--- Data extract ---
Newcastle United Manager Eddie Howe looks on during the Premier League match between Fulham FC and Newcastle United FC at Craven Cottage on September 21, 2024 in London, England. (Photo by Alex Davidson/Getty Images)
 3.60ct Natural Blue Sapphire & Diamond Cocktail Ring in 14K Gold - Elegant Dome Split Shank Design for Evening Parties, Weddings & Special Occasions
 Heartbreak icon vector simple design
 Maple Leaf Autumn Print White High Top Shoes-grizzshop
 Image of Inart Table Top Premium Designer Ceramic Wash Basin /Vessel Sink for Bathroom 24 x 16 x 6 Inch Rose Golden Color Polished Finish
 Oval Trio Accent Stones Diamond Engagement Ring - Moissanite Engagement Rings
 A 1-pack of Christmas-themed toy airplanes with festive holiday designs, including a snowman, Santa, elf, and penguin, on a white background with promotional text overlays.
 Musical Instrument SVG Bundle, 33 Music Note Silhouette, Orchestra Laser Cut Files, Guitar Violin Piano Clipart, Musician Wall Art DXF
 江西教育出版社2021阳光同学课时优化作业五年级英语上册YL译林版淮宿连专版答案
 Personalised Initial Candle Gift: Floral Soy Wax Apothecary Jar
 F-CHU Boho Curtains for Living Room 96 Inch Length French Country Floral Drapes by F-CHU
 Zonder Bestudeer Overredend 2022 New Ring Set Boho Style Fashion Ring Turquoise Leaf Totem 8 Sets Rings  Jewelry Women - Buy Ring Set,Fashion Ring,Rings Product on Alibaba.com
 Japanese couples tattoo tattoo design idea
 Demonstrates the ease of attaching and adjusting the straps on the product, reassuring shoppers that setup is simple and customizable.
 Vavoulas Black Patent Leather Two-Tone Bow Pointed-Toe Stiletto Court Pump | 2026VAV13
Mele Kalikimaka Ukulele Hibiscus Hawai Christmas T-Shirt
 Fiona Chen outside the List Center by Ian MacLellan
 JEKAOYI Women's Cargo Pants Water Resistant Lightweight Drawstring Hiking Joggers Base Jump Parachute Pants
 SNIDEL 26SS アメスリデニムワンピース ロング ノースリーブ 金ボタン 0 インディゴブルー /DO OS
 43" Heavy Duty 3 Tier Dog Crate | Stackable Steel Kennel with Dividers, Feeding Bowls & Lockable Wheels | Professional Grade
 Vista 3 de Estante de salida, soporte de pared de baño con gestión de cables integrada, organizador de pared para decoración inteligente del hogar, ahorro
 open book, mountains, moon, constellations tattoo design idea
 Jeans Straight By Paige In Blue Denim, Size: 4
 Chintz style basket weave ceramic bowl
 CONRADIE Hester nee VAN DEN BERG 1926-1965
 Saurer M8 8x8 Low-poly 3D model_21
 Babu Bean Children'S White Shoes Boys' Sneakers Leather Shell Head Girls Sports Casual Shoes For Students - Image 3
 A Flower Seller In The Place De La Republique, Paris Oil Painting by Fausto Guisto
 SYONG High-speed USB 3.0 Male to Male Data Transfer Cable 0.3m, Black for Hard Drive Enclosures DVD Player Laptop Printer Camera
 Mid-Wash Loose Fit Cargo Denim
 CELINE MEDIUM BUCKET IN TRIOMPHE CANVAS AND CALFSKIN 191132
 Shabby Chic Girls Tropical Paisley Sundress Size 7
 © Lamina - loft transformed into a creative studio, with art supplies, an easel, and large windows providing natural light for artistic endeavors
---
**Exercise aim**
Which lines above hold the string "Shoes"? Show each of them.

**Response to the exercise**
 Maple Leaf Autumn Print White High Top Shoes-grizzshop
 Babu Bean Children'S White Shoes Boys' Sneakers Leather Shell Head Girls Sports Casual Shoes For Students - Image 3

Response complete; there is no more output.